Without knowing the details of your age, your current physical condition, your history of exercise, and more information about your diet, metabolism, sleep habits, use or non-use of stimulants, tobacco, alcohol, etc., I don't think a lot can be said, except to congratulate you for starting to exercise !
But, one generalization I think can be made is that working out ... doing the same work-out ... more than four or five times per week is probably too much. And, particularly if you are "pushing your limits" you need to consider, and find, your body's minimal rest period for restoration.
On the other hand, if you are varying types of exercise, for example: doing cardio three times per week; doing weights twice a week; and swimming twice a week, imho, I think that can be a good thing.
The key thing is to avoid resuming exercise to fast, and too intensely, after a period of relatively not exercising. To do that is to risk injury, and the kind of exhaustion that will lead you to stop exercising, particularly: imho, if you are over fifty years of age.
A key variable you can work with, as referred to in several responses here, is "intensity:" as you probably already know, achieving a certain level of intensity, and maintaining it for a certain amount of time, is essential to increasing "aerobic fitness."
Similarly, the relatively newer concept of high-intensity interval-training (HIIT) in anaerobic exercise, suggests that short intense heavyweight work-outs, interspersed with exercise using lighter weights, can give you quicker gains in strength, and stamina (I have not seen studies of anaerobic HIIT and weight loss, or gain).
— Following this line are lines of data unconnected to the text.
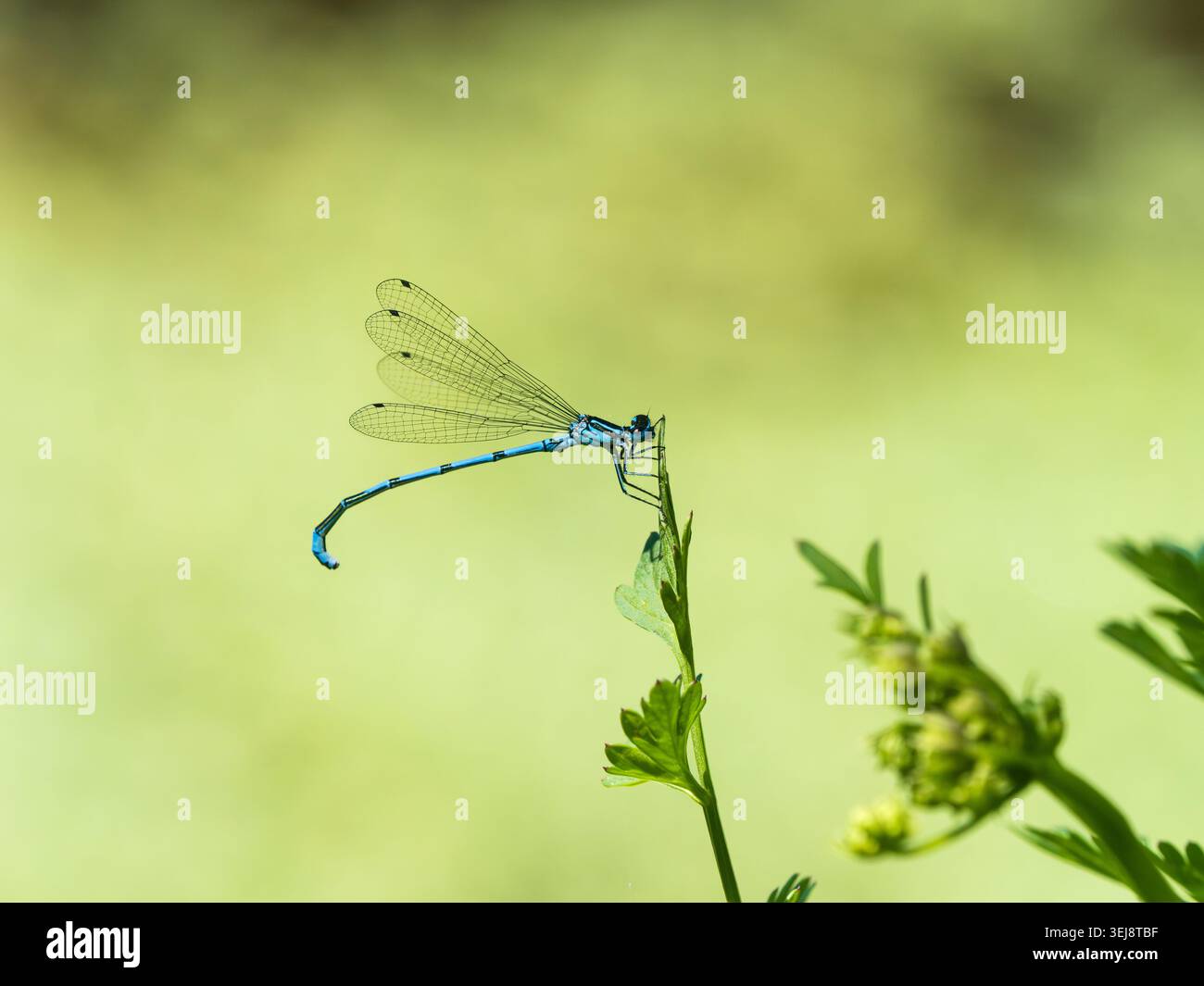 Erwachsener männlicher Coenagrion puella, azurblaue Jungfliege, auf der Vegetation an einem britischen See Stockfoto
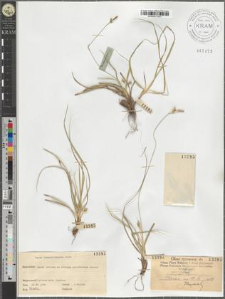 Carex transsilvanica Schur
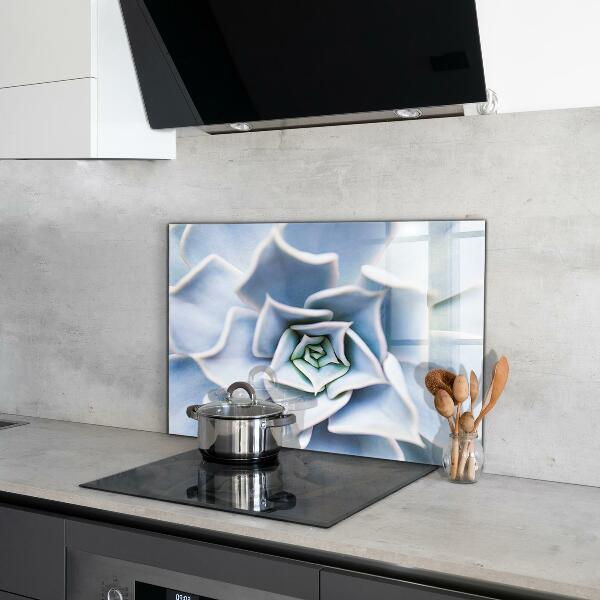 Küchenrückwand Spritzschutz Kaktus Sukkulente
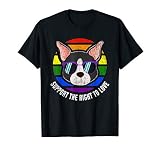 Boston Terrier Gay Rainbow Flag Sunset Lgbt Pride T Shirt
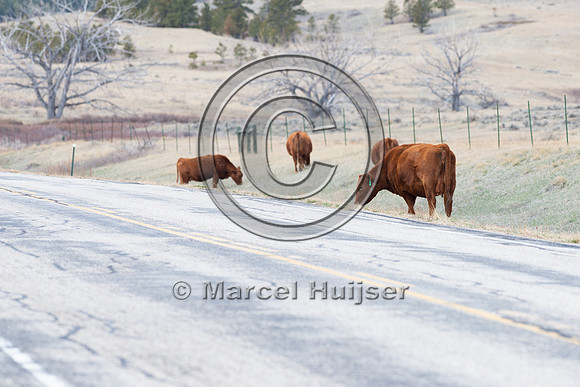 Cattle along the road, near Zortman, Montana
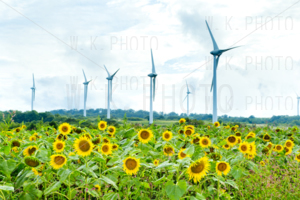 布引高原ひまわり畑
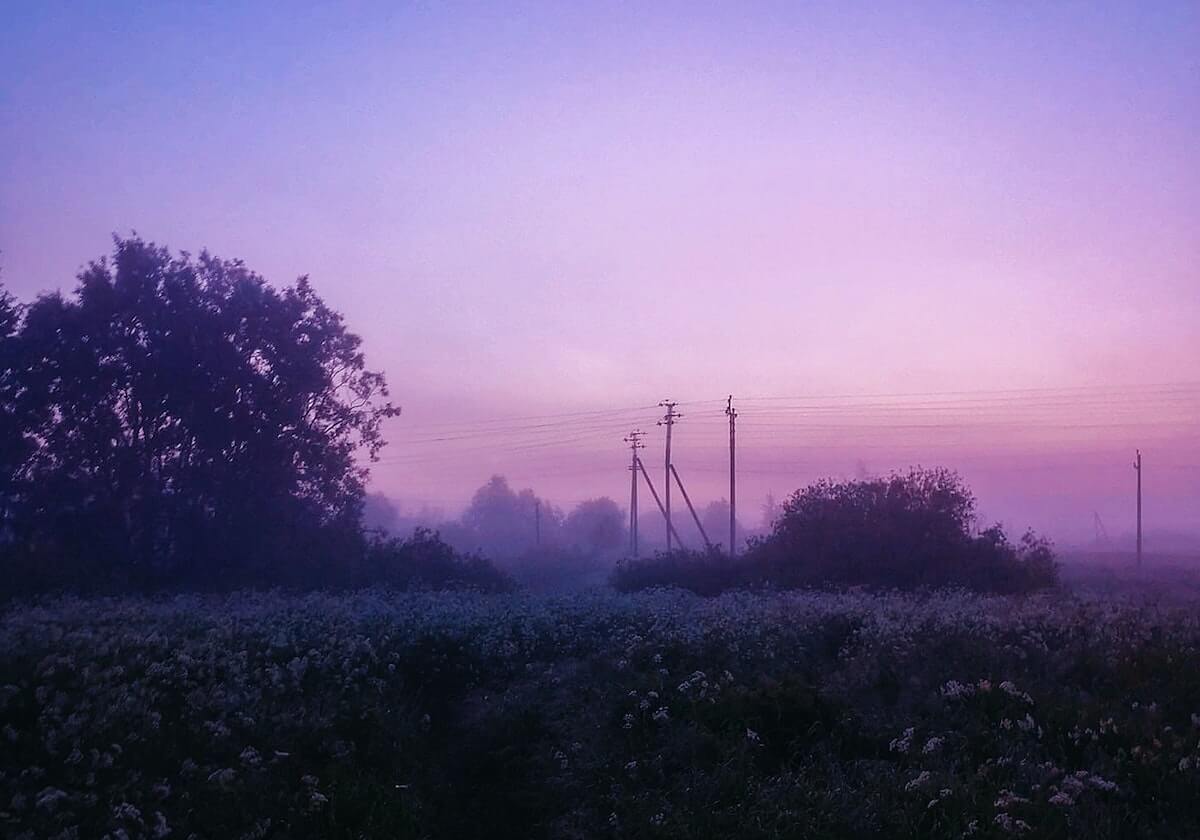 新葡萄8883官网:开启线上娱乐新纪元的入口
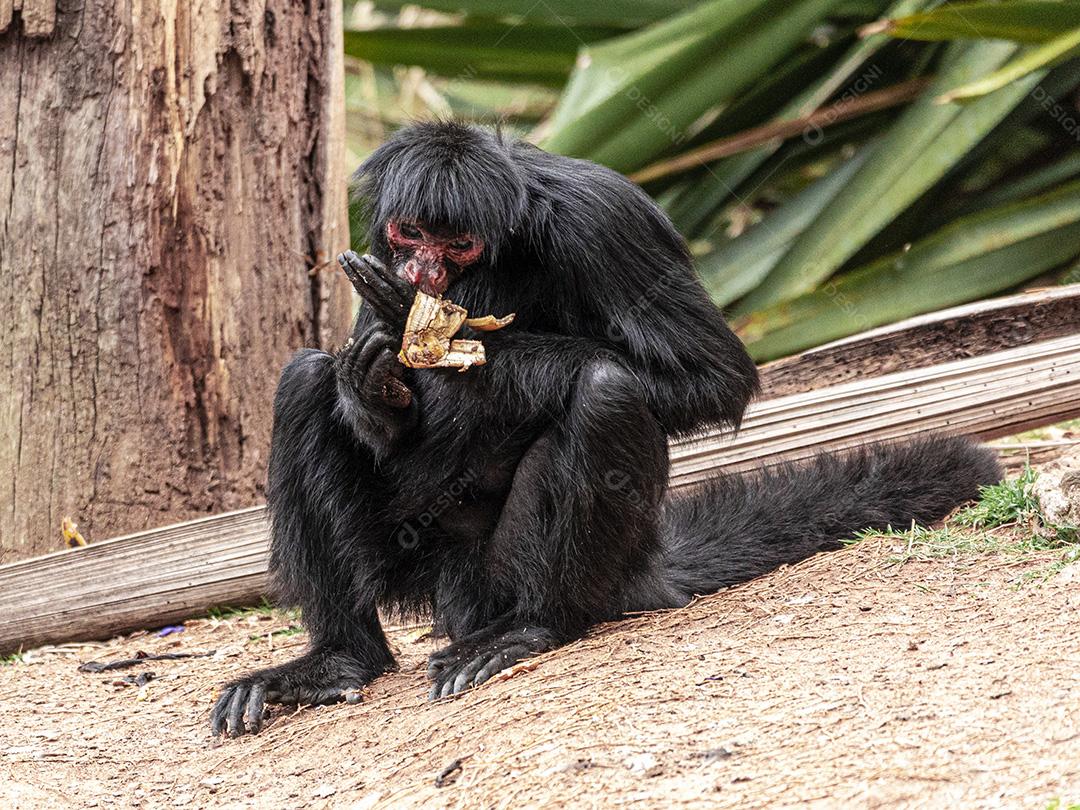 Casal de macacos descansando em sua casa Imagem JPG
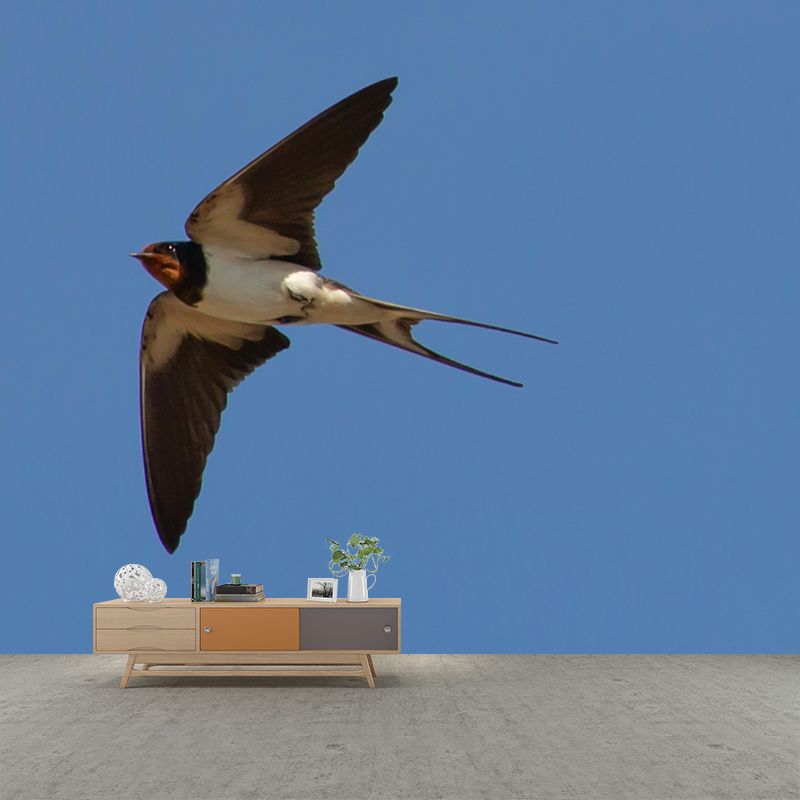 Swallow Animal Wallpaper Mural Contemporary Style Wall Art for Living Room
Finally, there's every indication that using "variety" in your work-outs, varying their type, and what you do, has a strong effect on total impact and carry-over of strength and fitness into everyday life.
For me (age 69), a combination of alternate days of aerobic exercise, and weights, with two days off, and then a swim-day, works best, but I vary that by sometimes doing a work-out where I alternate fifteen minutes on a treadmill with a circuit of several weight-machine exercises where I do high reps per set, and repeat that cycle three times.
The more you exercise and observe carefully how your body responds; the more you pay attention to your diet, and adapt to a more healthy way of eating, the easier it gets.
My own personal bias is that a longer-term effort involving exercise and slow change of diet is much better than any "dieting," per se. And, for some people, like myself, born with a very slow metabolism, and a large frame, we need to accept that being large (not obese, but heavy, and having more body-fat than other people) is just a natural part of who we are.